Frio cortante. Meu cachorro, Jota, está encolhido sobre o tapete. Não tem sol. Tempo fechado, nubloso. Visualizo a tela do celular. Cem mensagens para responder. Cubro a cabeça com um cobertor grosso. Frio intenso. As redes sociais estão quentes. Os assuntos mais aventados são estupro, aborto, adoção, violação do corpo, da honra, da intimidade, do desejo de ir e vir… Criança ou mulher devem levar em frente fruto de uma relação sexual não concedida? Que senso de justiça, do certo ou errado, do conveniente ou inconveniente, do espiritual ou pagão, transita no julgamento de pessoas que não têm nada a ver com a vida alheia? De julgadores que não têm uma nesga de respeito pelo outro? De julgadores que sapateiam no sofrimento alheio? De julgadores que se julgam sábios e donos da moral, dos bons costumes e das verdades absolutas? Que sentido de justiça transita nos tribunais da sociedade, que tecla, expõe, joga pedra, vende pautas para colunistas que sobrevivem às custas dos sofrimentos dos outros?

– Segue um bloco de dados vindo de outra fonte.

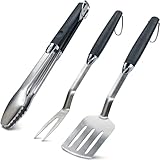 Padoma Grillbesteck Set -Geschenkset mit Grillzange, Wender und Fleischgabel aus Edelstahl 44cm Grillset Grillzubehör Männergeschenk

Nascemos predestinadas a dar à luz ou não? Nascemos objeto de desejo ou somos sexualizadas por culturas machistas? Nascemos, especificamente, para reproduzir, independentemente de sentimentos, escolhas ou planejamentos? Nascemos marcadas, com um selo ISO na pele: REPRODUTORAS? Não importa a forma como foi concebido um novo ser que habita em nós; os julgadores falam que é carma conceber um filho, fruto ou não de um estupro. Carma é carma, e pronto? Tanto faz ter um filho, se for fruto do amor entre duas pessoas ou tanto faz se for de um estupro, de uma violação ao corpo e à alma?

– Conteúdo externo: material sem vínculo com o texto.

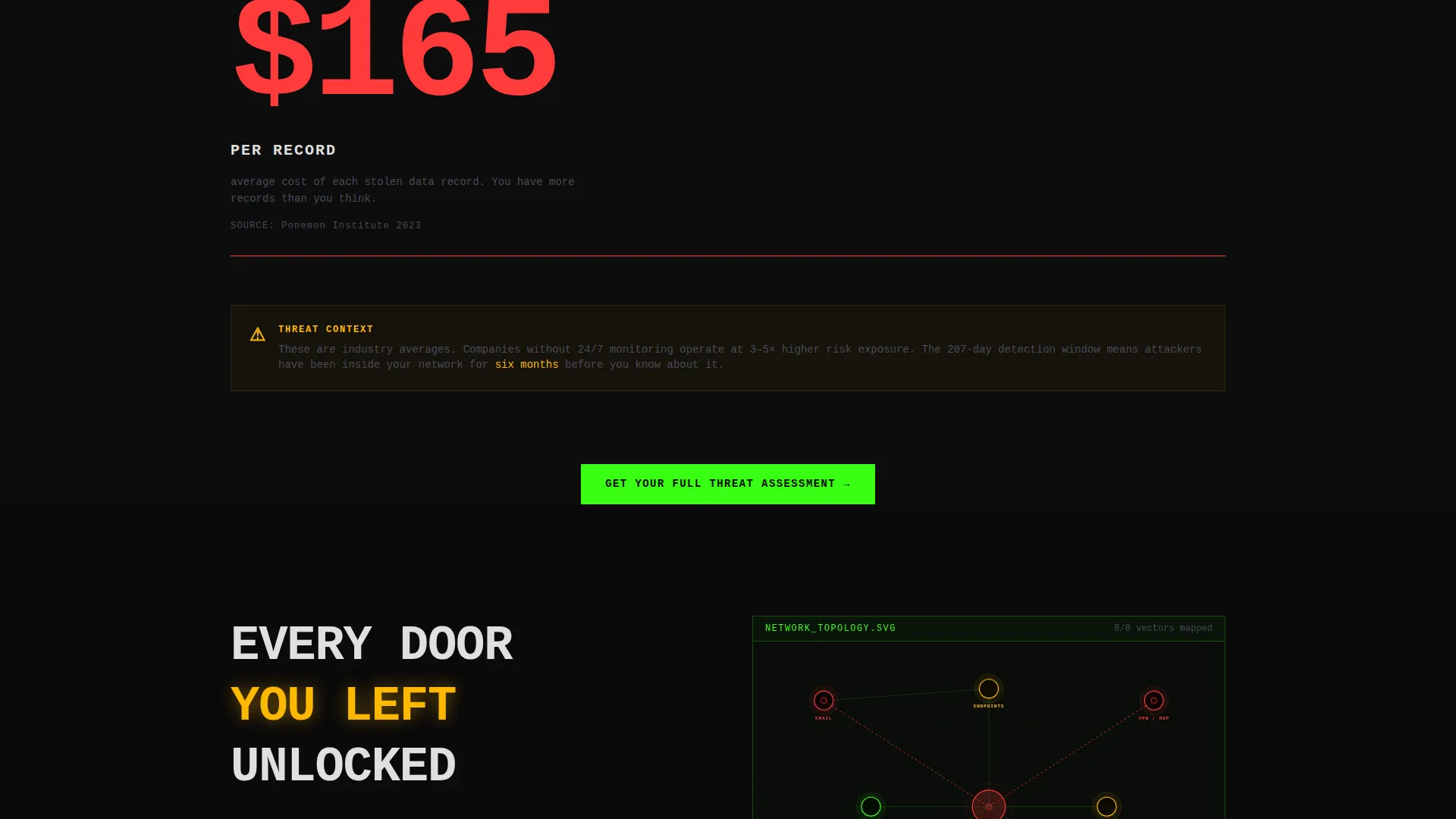 Bold Brutalist Cybersecurity Landing Page Template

O que é o amor pleno à vida humana, se não liberdade de escolha? Escolha é algo pautado no exercício da cidadania, no direito de poder decidir, quando diante de opções. Não há senso nem empatia de quem julga como deve ser a vida do outro, o comportamento do outro ou sobre o direito de dar à luz ou não, de dar à adoção ou não, em situações de estupro. Meus olhos correm de um lado para o outro. Arrasto post de um feed. Meus olhos ainda vão ver mais coisas, eu sei. Leio a carta aberta de uma moça. Vejo dois vídeos de um jornalista e de uma ex-atriz, formadores de opinião, que felizmente, conseguem formar uma rede de opiniões contrárias à malfadada opinião preconceituosa e debochada deles. O julgamento virou contra os julgadores. Que incêndio nas redes sociais! Amanhã vai ter mais lacradores de opinião, mais matérias, mais textos, mais reuniões, mais choro, mais ataques nas redes, mais processo. Em destaque: onde está a ética dos profissionais da saúde, que deveriam honrar o juramento de sigilo, de proteção incondicional ao ser humano? Foram reprovados na disciplina!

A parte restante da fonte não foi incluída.